I get all this, but I am just as compassionate as a kibble feeder as you are a raw feeder always have been!


----------



## ziggy29 (Feb 1, 2010)

wags said:


> And yep its all raw feeders who are moderators!
> I dont think I am the only person here who has noticed this though!


I noticed that but I don't really see a problem with it.

I am a moderator on another high-traffic message board with membership in the thousands and probably over a hundred active members. When we aren't discussing forum business on that forum, moderators are only speaking for themselves as individuals, not as part of the "moderator team" or as some sort of "superuser". The problem is that some people have a tendency to think they have to avoid debate or (relatively civil) argument with us out of some fear that we may slap them with an infraction or ban them, which is unfortunate.

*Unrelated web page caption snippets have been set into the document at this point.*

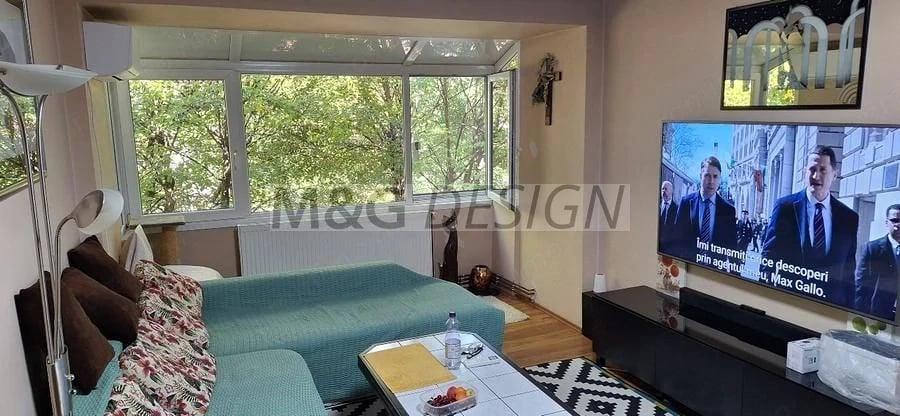 Apartament cu 2 camere semidecomandat în Tipografilor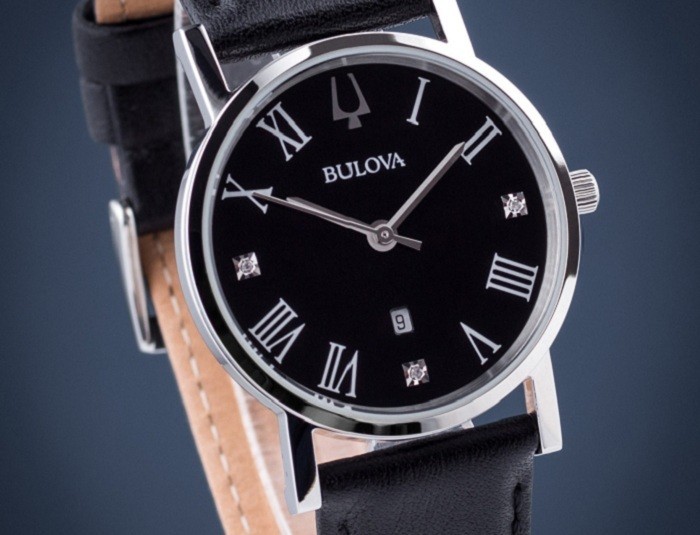 Review đồng hồ Bulova 96P192: 3 viên pha lê đính sáng bóng - Ảnh 1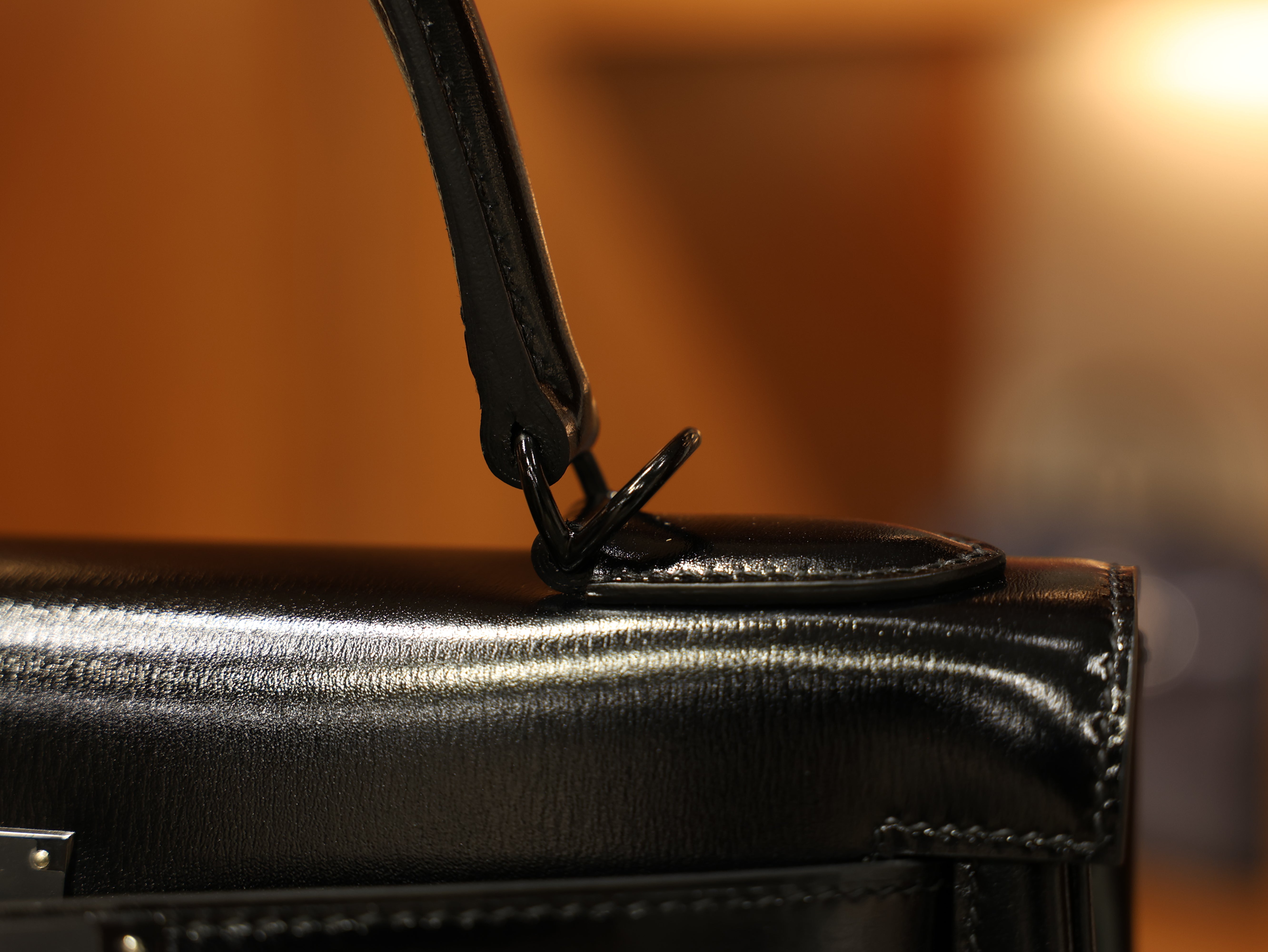 Kelly 28 retourne So black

I find myself saying "speaking strictly for myself" and "speaking as a member, not a moderator" a little too often just to make it clear. I don't want people to feel like they have to "pull their punches" to anything I say as long as it's within the rules, and I hope people don't take my occasional spirited disagreement with them as "bullying" or abusing my position. 

So to that end, as long as there's no intimidation involved and as long as raw feeding isn't a "litmus test" for becoming a moderator, I see no issue. I suspect also that the raw feeders have been more likely to be consistently active, long-time regulars with a track record of civility and useful contributions, as that's usually what it takes to get the "invite".


----------



## DaneMama (Jun 27, 2008)

wags said:


> I wanted to even out the playing field here I am not trying to make anyone feel bad by the comment! Just seems that every time I see something on here its about people should feed raw to correct what they are having problems with. I have been on this sight for over a year and basically its starting to be all about raw! So evening out the playing field by having just one moderator ~babysitter whatever you want it to be called, would be nice to see a strictly kibblefeeder! I don't think that's so bad! And yep its all raw feeders who are moderators!
> I dont think I am the only person here who has noticed this though!


It may seem like *every* thread is about raw, but that is far from the truth. Lots of people post up their problems with their dogs eating kibble, and even us raw feeders suggest feeding a different kibble or better kibble...never even mentioning raw. Look at how many pages are in the kibble/canned forum? About 33 pages worth of pretty much pure kibble talk. Then look at the raw forum...32 pages of raw talk. That seems to be right about even to me. 

I have been on this forum for nearly two years. Going from a passionate kibble feeder to a passionate raw feeder. I am no more passionate about my dogs health, but just in a new way. 

If you want a kibble feeder moderator ask RFD, he is the only one who can get into contact with the Admin here...I have tried and gotten no response. 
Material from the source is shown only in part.